Long story short, I picked up a used Maverick Durance 26" bike, and I'm super stoked to have 6" of travel on a 25-lb bike. It does all I want and more in all conditions. Light, nimble, fast, lots of travel. Boom! She's awesome. Though she's at more like 26.5 lbs now that I've porked her out with big ol' FR oriented tires grips, and pedals.


----------



## sfgiantsfan (Dec 20, 2010)

SeaBass_ said:


> I'd want the 9er too....Even with those wonky bars


That's funny, those bars do look weird in the pics but dont seem to in real life. I got them because that is the hardest bike I have ever tried to manual and I just wanted to sit up a bit higher, its a little to small and I feel like Im riding over the front tire.


----------



## kapusta (Jan 17, 2004)

*Hmmmm*



99mikegt said:


> I'll be a 26 guy until I'm 6 feet under. I don't care. 29ers are goofy looking. Who's with me


I'm saving lifelong fidelity promises for my wife.

Can't imagine doing it for a wheel size.


----------



## TwoHeadsBrewing (Aug 28, 2009)

Word! Well, at least until my bike wears out...then all bets are off and I'm going to ride everything.


----------



## GPRider08 (Aug 22, 2008)

Not with you at all, but to each their own!
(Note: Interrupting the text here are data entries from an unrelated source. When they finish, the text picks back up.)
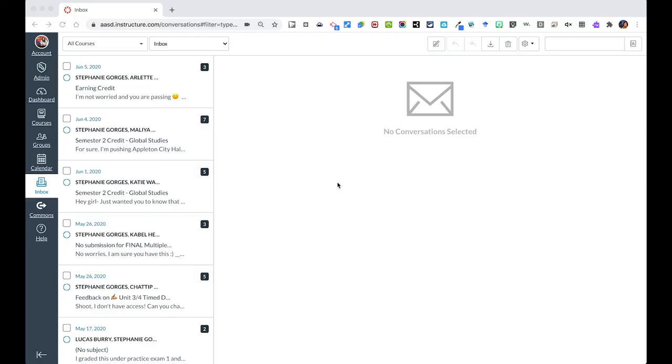You will find your inbox in the global navigation on the left right here. You'll be able to access that regardless of what course you are in. This is always standard and you can click on your inbox to see if you have any notifications.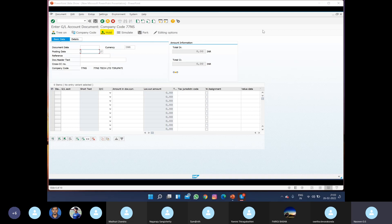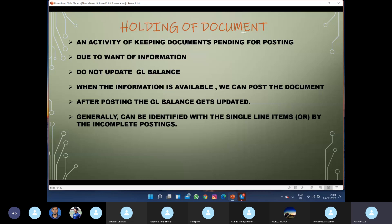The next concept is holding. Now that we know what parking is, we move to holding — what it means and why we use it. Holding of a document is generally an activity of keeping documents pending for posting. In both parking and holding, we keep the document pending for posting, meaning we are not posting the document in SAP; we are just keeping it pending.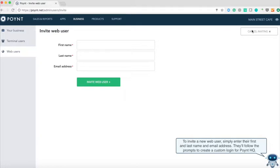To invite a new web user simply enter their first and last name and email address. They'll follow the prompts to create a custom login for Point HQ.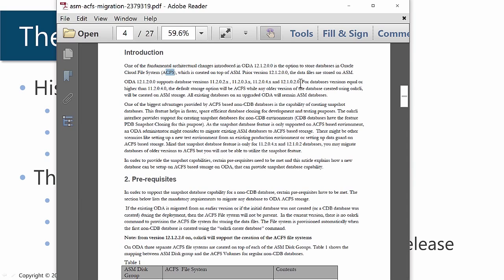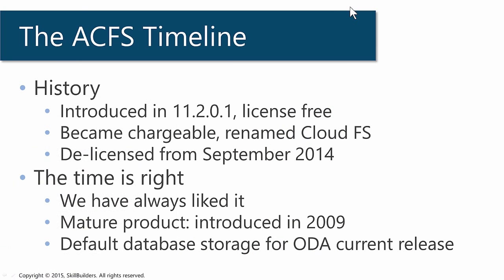Note that for database versions equal to or higher than 11.204, the default storage will be ACFS. So from now on, if you buy an Oracle Data Appliance, you're going to be using ACFS unless you explicitly state you don't want it. If it's good enough for Oracle databases to use as a default, it's certainly good enough for everybody to use for everything else.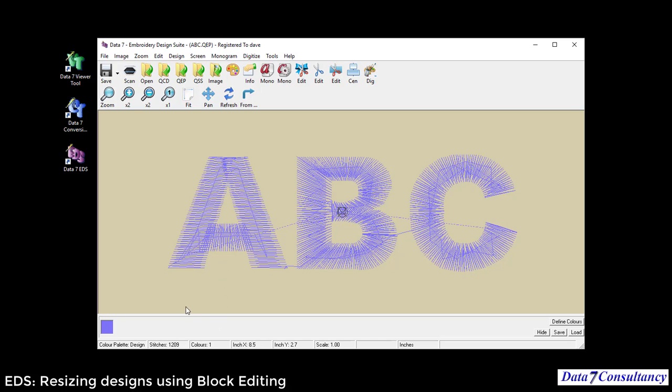It's now resized the design. The stitch count was 1,209 before, if you quickly caught that. You'll see that it's still 1,209. You'll see now the stitches have bigger gaps. The design is bigger but the stitch count remains the same.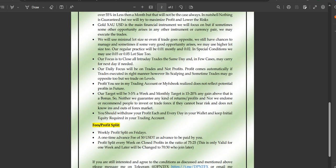Mostly we will use 0.01 and 0.02 lot sizes, and in special conditions we may use 0.03 or 0.05 if needed. Our focus is to close all trades on the same day — intraday — and in a few cases we may carry positions overnight if needed. Our daily focus will be on trades, not profits; profit will come automatically if trades are executed correctly. In scalping, market movement can be fast on small timeframes, though we use multi-timeframe analysis.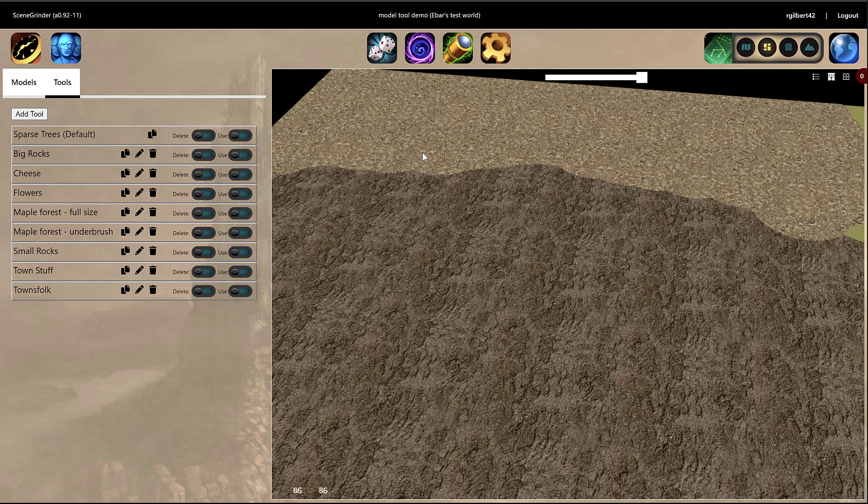Hey everybody, how's it going? This is Ron at CineGrinder and I've got a pretty cool video for you today. This is for the tool that we've recently created to make it quick and easy to put down masses of models in your scenes to really make your scenes come to life. So let me go and show you how that works.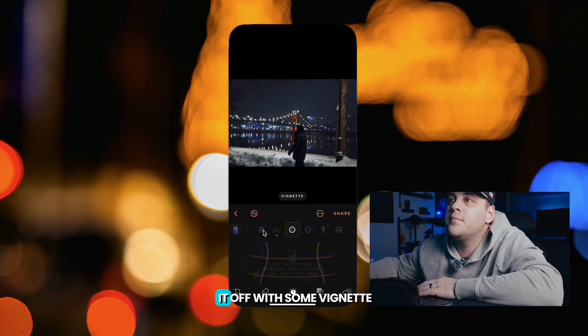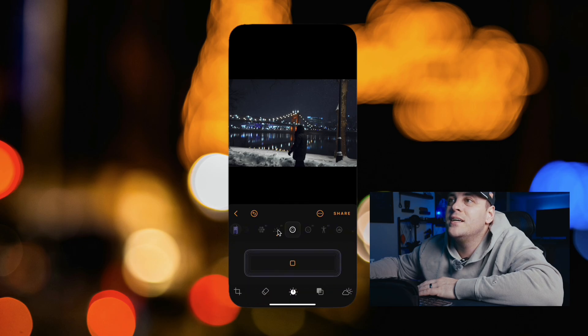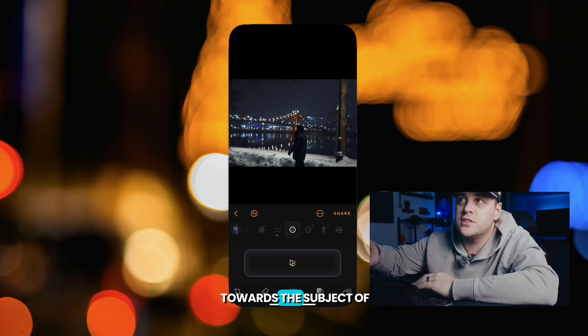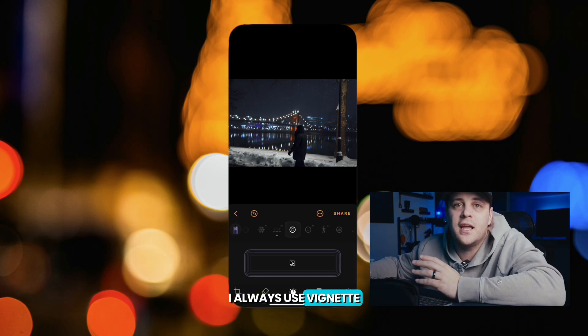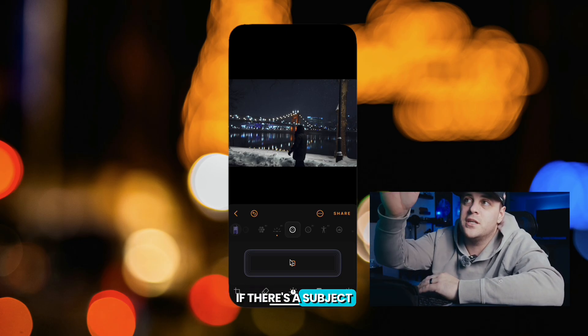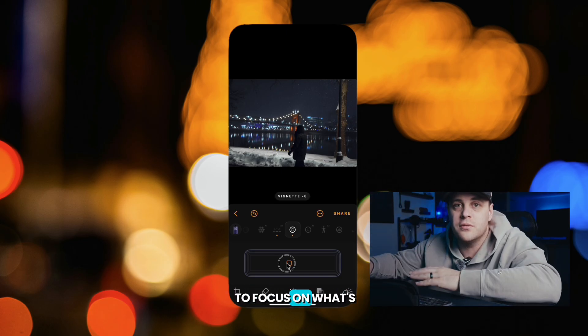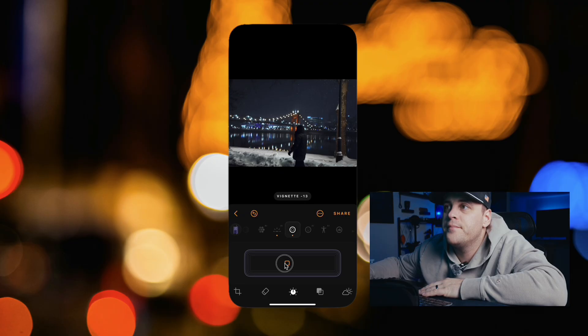I'm going to top it off with some vignette to draw your eyes towards the subject of the image. I always use vignette if there's a subject in the middle and I want you to focus on what's in the middle.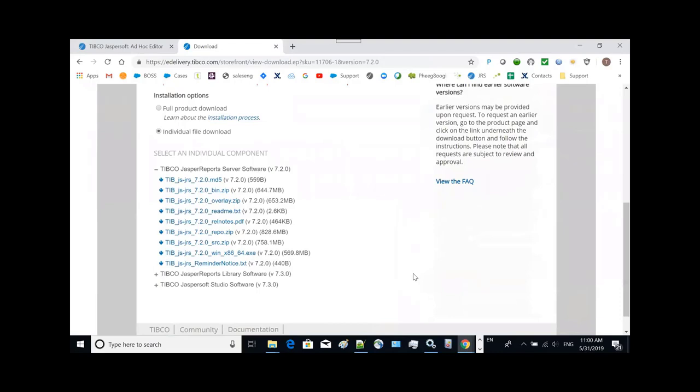So that's all I have to show you in this demo. And hopefully you can download this 7.2 version of our product, give it a try and enjoy this new feature. Thank you.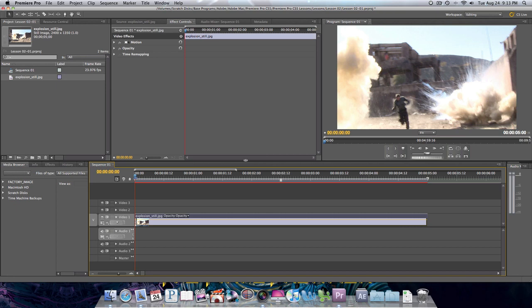When it comes to still images in Premiere Pro CS5, you can import a number of different types: JPEGs, TIFFs, Photoshop images, Illustrator images, and others. Sometimes these images are going to be different sizes - larger, smaller, whatever. In order for them to all look the same, Premiere Pro needs to scale those images so they fit your timeline.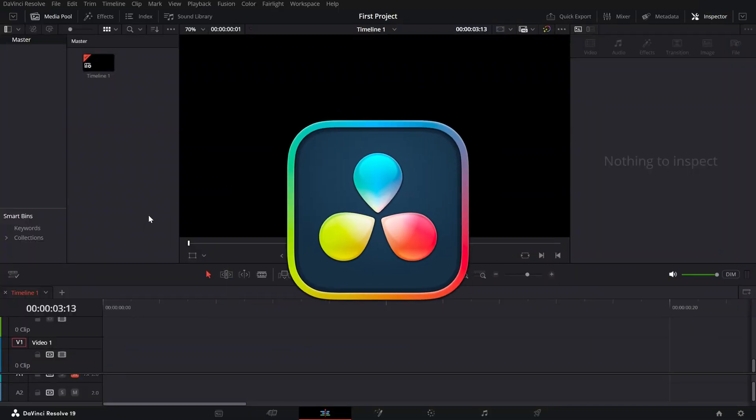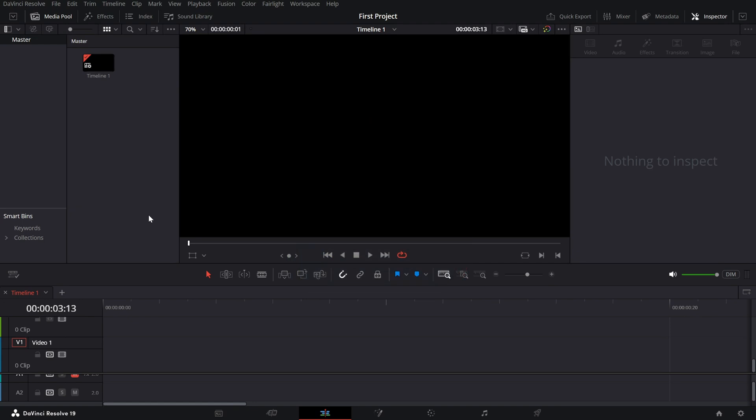Today, we're learning to add vertical text in DaVinci Resolve. This is perfect in situations where you want to type text vertically instead of horizontally. Let's jump in.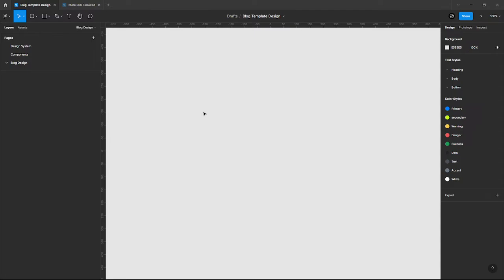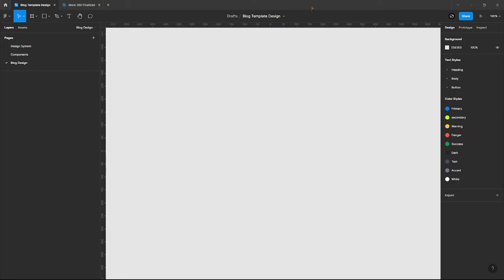I'm going to show you how to switch from light mode to dark mode and from dark mode to light mode. Currently, as you can see on my screen, I'm using the Figma desktop app, but if you're in the browser you can also do the same thing.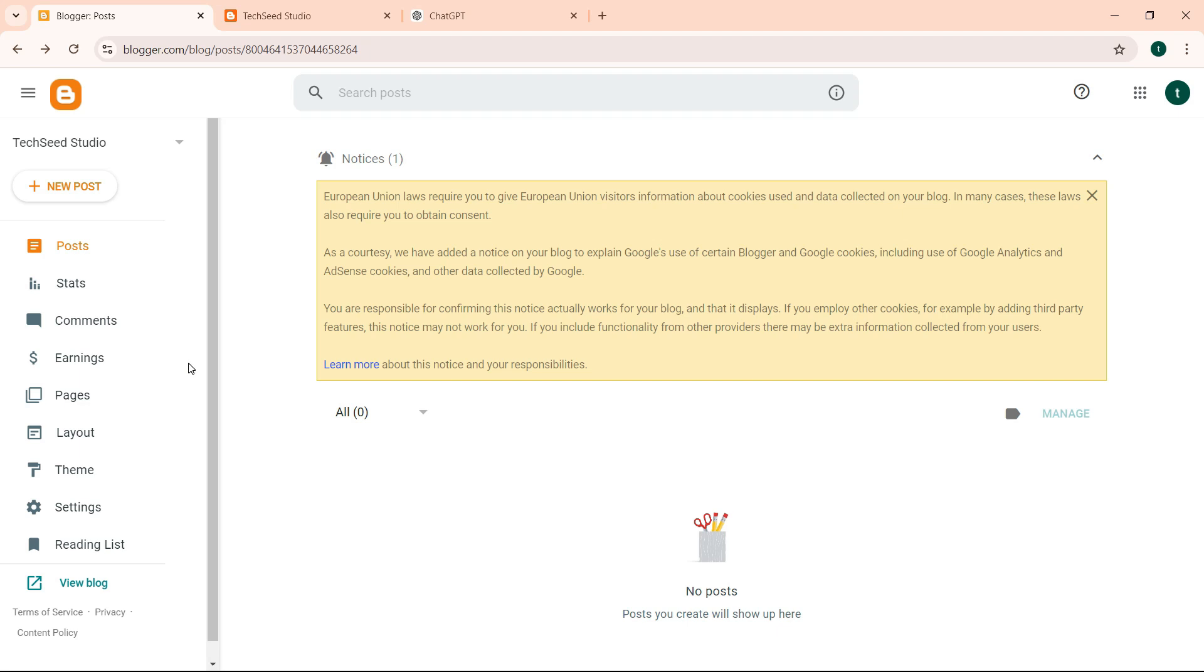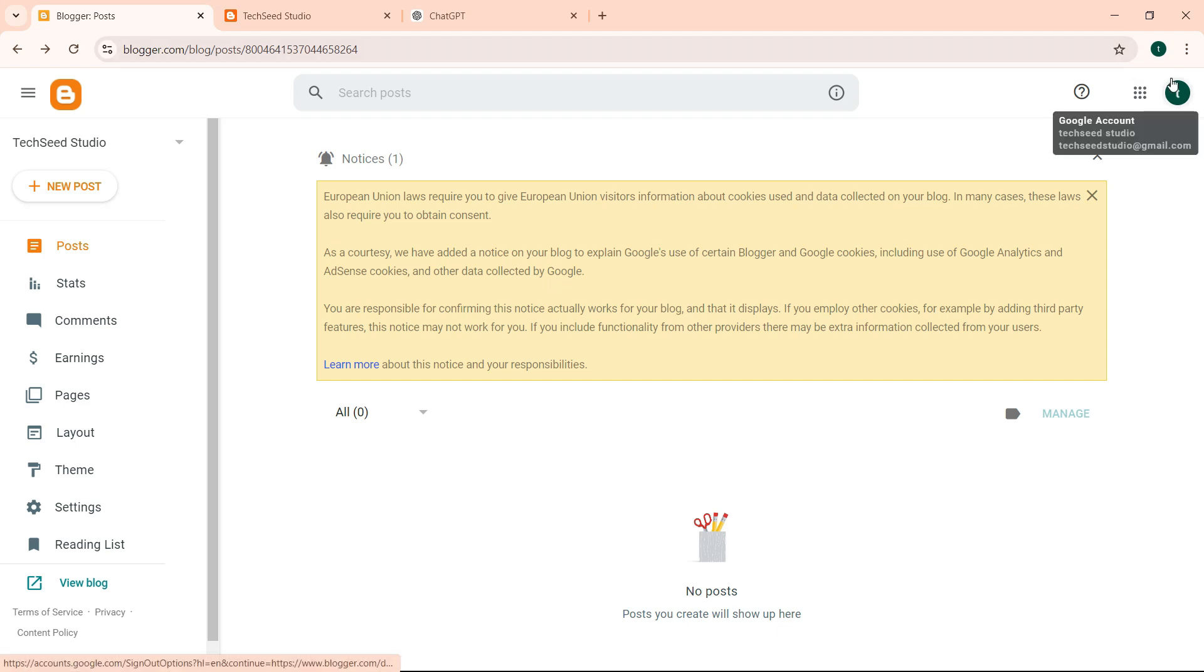If one blog is suspended and your AdSense is at risk because of that blog, you lose access to your earnings for the other blogs. So here is advice when you're creating a new blog: always create a new Gmail account if that's possible.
Just ride what you like and don't give a crap about what others like.


----------



## Trail Addict (Nov 20, 2011)

I have the strongest feeling that a lot of the guys knocking on 29ers will eventually buy one and never look back.

I still have a lot of love for my 26er hardtail though. It's taken me to so many places and it has taught me great mountain biking skills. That being said, the 29er just works much better for me. I don't see myself ever going back to a 26er again.

I refuse to knock on anyone for the type of bike they use though. I respect the preferences of all cyclists. 

There is no need to make fun of someone for the bike they use, or the clothes they wear while riding. People who do that are idiot posers that shouldn't even be allowed to own a bike.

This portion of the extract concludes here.